10/05/2020 0 comentários Bares, Restaurantes, Pacotes de Viagens, Casa & Sítios p/Temporada

MARECHAL THAUMATURGO

Os primeiros habitantes do que um dia se tornaria o município de Marechal Thaumaturgo foram os Arara Shawãdawa, um povo Pano (ou Nawa), que atualmente habitam a Terra Indígena Jaminawa-Arara do Rio Bagé, localizada dentro dos limites do município. Também habitam a Terra Índigena Arara do Igarapé Humaitá, localizada no vizinho Município de Porto Walter.

O município de Marechal Thaumaturgo originou-se do Seringal Minas Gerais, em terras ocupadas por seringueiros brasileiros, invasores de terras peruanas a partir de política expansionista financiada pelo Governo do Amazonas.

Com a formalização do Tratado de Petrópolis entre o Brasil e a Bolívia, ficou estabelecida a extensão do Acre e, portanto, do Brasil até as cabeceiras do rio Purus. Assim o território brasileiro adentrava-se em terras consideradas como pertencentes ao Peru até o nascedouro do rio Purus.

Assim, o Tratado de Petrópolis, assinado entre a Bolívia e o Brasil, também passou a definir os limites com o Peru, o que resultou em uma série de conflitos entre o Peru e seringueiros brasileiros no ano de 1904.

Disto resultou a assinatura do Tratado do Rio de Janeiro (1909), que definiu novos limites do Brasil com Peru, e onde aproximadamente 40.000 km2 de terras da bacia do alto rio Purus foram reconhecidas como pertencentes ao Peru. Entretanto, no vale do alto rio Juruá, o governo brasileiro comprou as terras até então habitadas por seringueiros brasileiros, consolidando-se as novas fronteiras com a assinatura do Tratado do Rio de Janeiro, em 1909, entre Brasil e Peru.

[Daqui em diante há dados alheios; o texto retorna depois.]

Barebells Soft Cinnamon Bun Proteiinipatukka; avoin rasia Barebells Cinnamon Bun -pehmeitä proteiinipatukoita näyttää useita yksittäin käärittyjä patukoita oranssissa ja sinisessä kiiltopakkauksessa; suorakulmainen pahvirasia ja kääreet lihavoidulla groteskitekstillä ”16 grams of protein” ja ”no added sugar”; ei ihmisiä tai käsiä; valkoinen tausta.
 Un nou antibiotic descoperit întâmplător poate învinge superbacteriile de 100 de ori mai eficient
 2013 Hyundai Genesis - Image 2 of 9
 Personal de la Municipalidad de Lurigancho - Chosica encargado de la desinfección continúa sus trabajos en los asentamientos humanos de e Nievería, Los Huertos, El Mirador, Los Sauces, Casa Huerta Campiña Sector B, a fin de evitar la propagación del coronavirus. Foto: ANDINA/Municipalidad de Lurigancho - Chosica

Somente em 28 de abril de 1992 foi criado o município de Marechal Thaumaturgo, a partir de um desmembramento do município de Cruzeiro do Sul.

A sede do município situa-se à margem esquerda do rio Juruá, na foz do rio Amônia. Os transportes fluvial e aéreo são os únicos meios de acesso a Marechal Thaumaturgo. O município possui uma forte dependência econômica com Cruzeiro do Sul, através do rio Juruá.

Sua economia é incipiente, baseada na agricultura de subsistência e na pecuária. Os agricultores da região costumam cultivar as praias dos rios Juruá, Amônia e Arara com feijão, macaxeira, batata-doce, amendoim e melancia. As atividades extrativistas (látex e açaí) estão praticamente extintas devido a inviabilidade econômica e social.